Segment Open

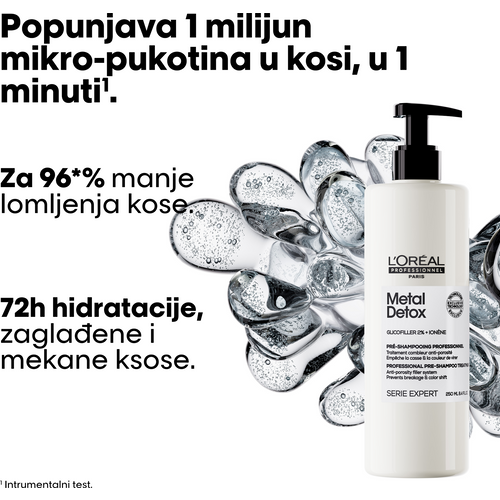 L'Oréal Professionnel Metal Detox Predtretman za kosu 250mL slika 2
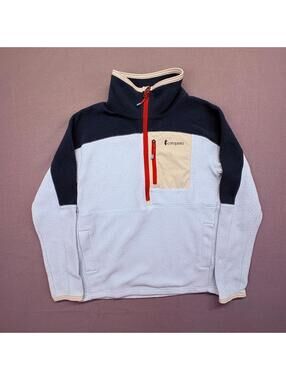 Cotopaxi Abrazo Women's Fleece Pullover Jacket Size Small Half Zip
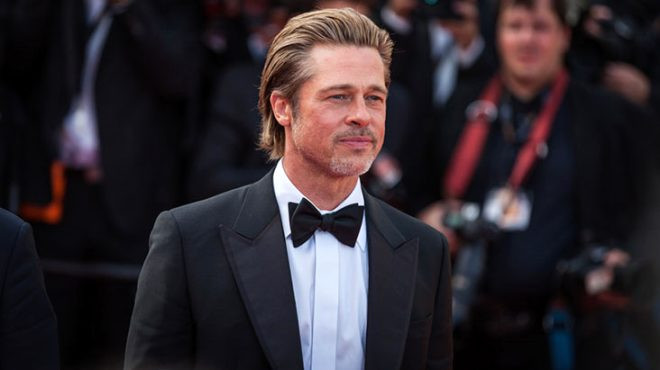 Brad Pitt'in 27'lik sevgilisi 68 yaşında bir iş adamıyla evli! - Resim: 1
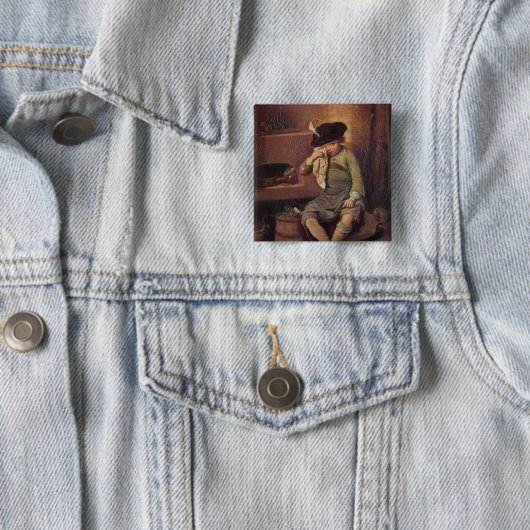 Das penitent-Kind Button (Beispiel)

Segment Closed

* EXERCISE OBJECTIVE *
Provide the listing above once more, exactly, with the pictures removed.

* EXERCISE RESPONSE *
 L'Oréal Professionnel Metal Detox Predtretman za kosu 250mL slika 2
 Cotopaxi Abrazo Women's Fleece Pullover Jacket Size Small Half Zip
 Brad Pitt'in 27'lik sevgilisi 68 yaşında bir iş adamıyla evli! - Resim: 1
 Das penitent-Kind Button (Beispiel)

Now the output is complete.